Chapter and Verse: The Little Copplestone Mystery

When the telephone rang, Troy came in, sun-dazzled, from the cottage garden to answer it, hoping it would be a call from London.

“Oh,” said a strange voice uncertainly. “May I speak to Superintendent Alleyn, if you please?”

“I’m sorry. He’s away.”

“Oh, dear!” said the voice, crestfallen. “Er — would that be — am I speaking to Mrs. Alleyn?”

“Yes.”

“Oh. Yes. Well, it’s Timothy Bates here, Mrs. Alleyn. You don’t know me,” the voice confessed wistfully, “but I had the pleasure several years ago of meeting your husband. In New Zealand. And he did say that if I ever came home I was to get in touch, and when I heard quite by accident that you were here—well, I was excited. But, alas, no good after all.”

“I am sorry,” Troy said. “He’ll be back, I hope, on Sunday night. Perhaps—”

“Will he! Come, that’s something! Because here I am at the Star and Garter, you see, and so—” The voice trailed away again.

“Yes, indeed. He’ll be delighted,” Troy said, hoping that he would.

“I’m a bookman,” the voice confided. “Old books, you know. He used to come into my shop. It was always such a pleasure.”

“But, of course!” Troy exclaimed. “I remember perfectly now. He’s often talked about it.”

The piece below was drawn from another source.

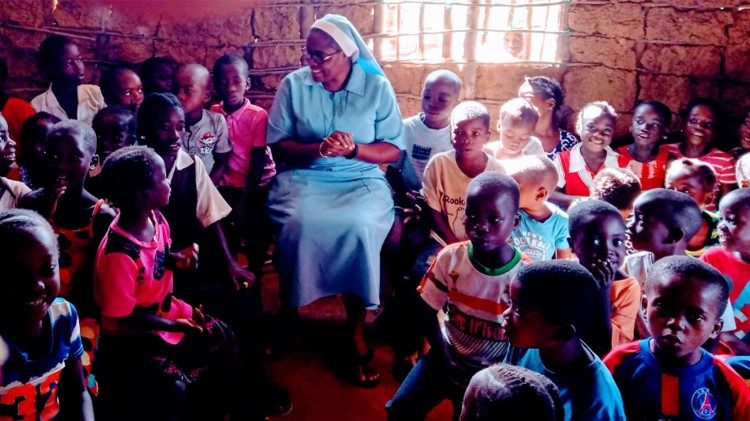 Sr. Philomena unterrichtet Kinder einer &ouml;rtlichen Schule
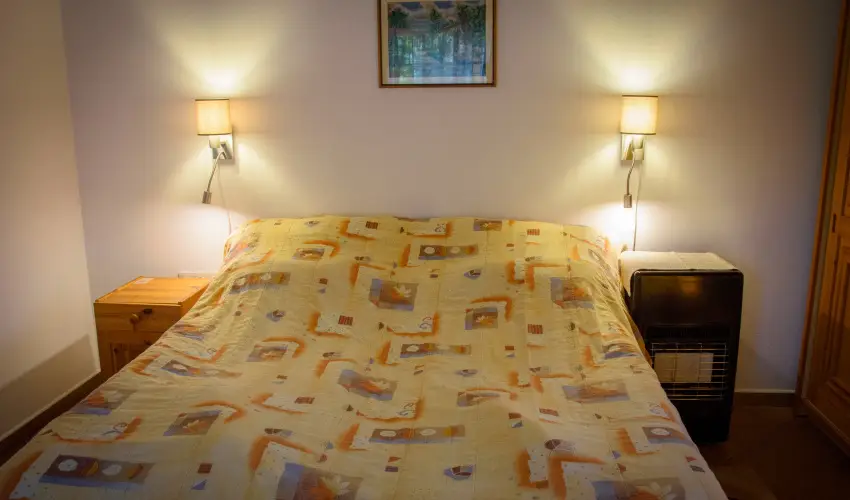 Huszr Vendghz rvnyes - Hsvt (min. 2 j)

Has he? Has he, really! Well, you see, Mrs. Alleyn, I’m here on business. Not to sell anything, please don’t think that, but on a voyage of discovery; almost, one might say, of detection, and I think it might amuse him. He has such an eye for the curious. Not,” the voice hurriedly amended, “in the trade sense. I mean curious in the sense of mysterious and unusual. But I mustn’t bore you.”

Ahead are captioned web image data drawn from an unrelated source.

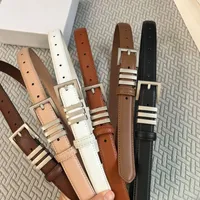 Elegantes cinturones de dise￱ador de cintur￳n de cuero con elegantes anchos de 2.5 cm para el hombre mujer 6 colores
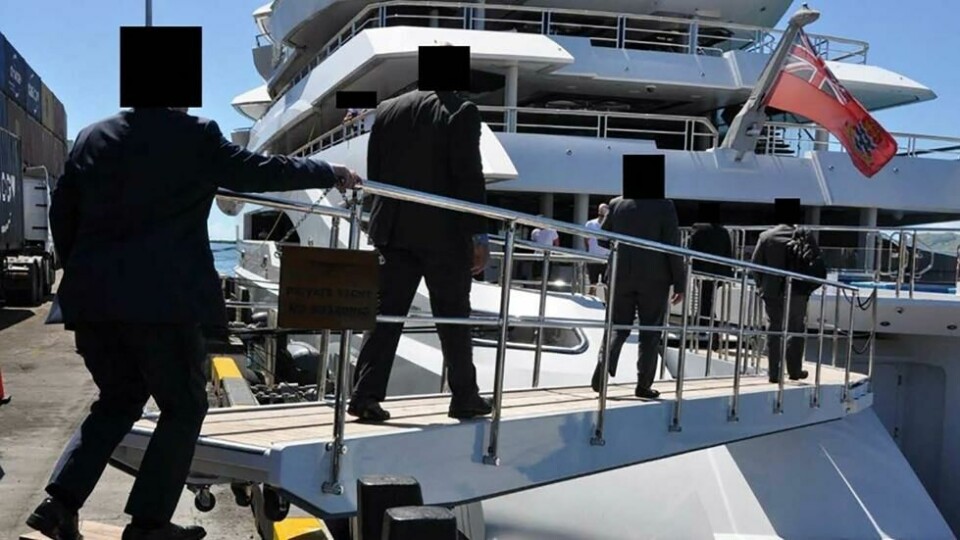 Her går amerikanske myndigheter om bord i luksusbåten Amadea, som står i San Diego i California. Bildet er sladdet av US Department of Justice. Her går amerikanske myndigheter om bord i luksusbåten Amadea, som står i San Diego i California. Bildet er sladdet av US Department of Justice. Foto: US Department of Justice/AFP/NTB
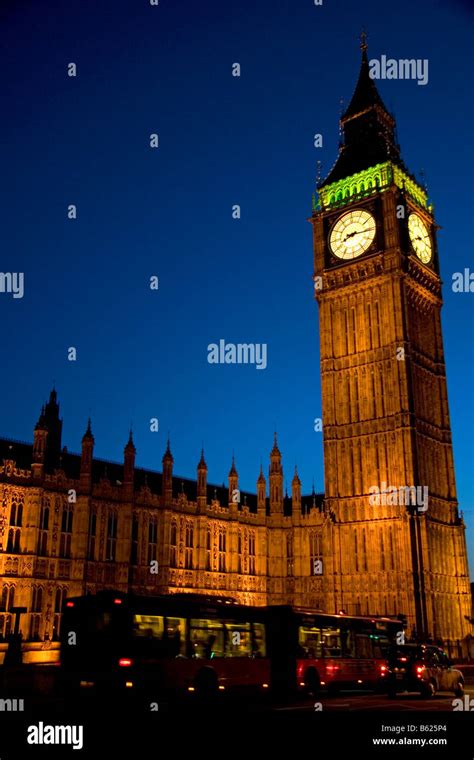 Big Ben And The Palace Of Westminster At Night Hi Res Stock Photography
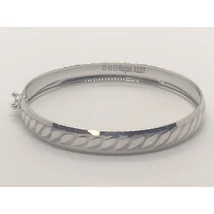 Klasszikus sál csiszolású, magasfényű széles, biztonsági zárral készült fehérarany kar reif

Troy assured him that he was not boring her and indeed it was true. The voice was so much colored by odd little overtones that she found herself quite drawn to its owner. “I know where you are,” he was saying. “Your house was pointed out to me.”

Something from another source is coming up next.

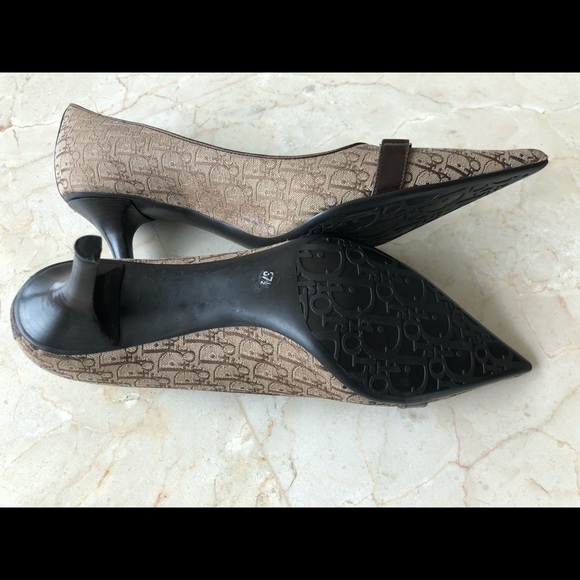 Dior canvas logo pumps size 37 1/2 like new! - Picture 4 of 5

After that there was nothing to do but ask him to visit. He seemed to cheer up prodigiously. “May I? May I, really? Now?”

“Why not?” Troy said. “You’ll be here in five minutes.”

She heard a little crow of delight before he hung up the receiver.

He turned out to be exactly like his voice—a short, middle-aged, bespectacled man, rather untidily dressed. As he came up the path she saw that with both arms he clutched to his stomach an enormous Bible. He was thrown into a fever over the difficulty of removing his cap.

“How ridiculous!” he exclaimed. “Forgive me! One moment.”

He laid his burden tenderly on a garden seat. “There!” he cried. “Now! How do you do!”

Troy took him indoors and gave him a drink. He chose sherry and sat in the window seat with his Bible beside him. “You’ll wonder,” he said, “why I’ve appeared with this unusual piece of baggage. I do trust it arouses your curiosity.”

He went into a long excitable explanation. It appeared that the Bible was an old and rare one that he had picked up in a job lot of books in New Zealand. All this time he kept it under his square little hands as if it might open of its own accord and spoil his story.

“Because,” he said, “the really exciting thing to me is not its undoubted authenticity but—” He made a conspiratorial face at Troy and suddenly opened the Bible. “Look!” he invited.

He displayed the flyleaf. Troy saw that it was almost filled with entries in a minute, faded copperplate handwriting.

“The top,” Mr. Bates cried. “Top left-hand. Look at that.”

Troy read: “Crabtree Farm at Little Copplestone in the County of Kent. Why, it comes from our village!”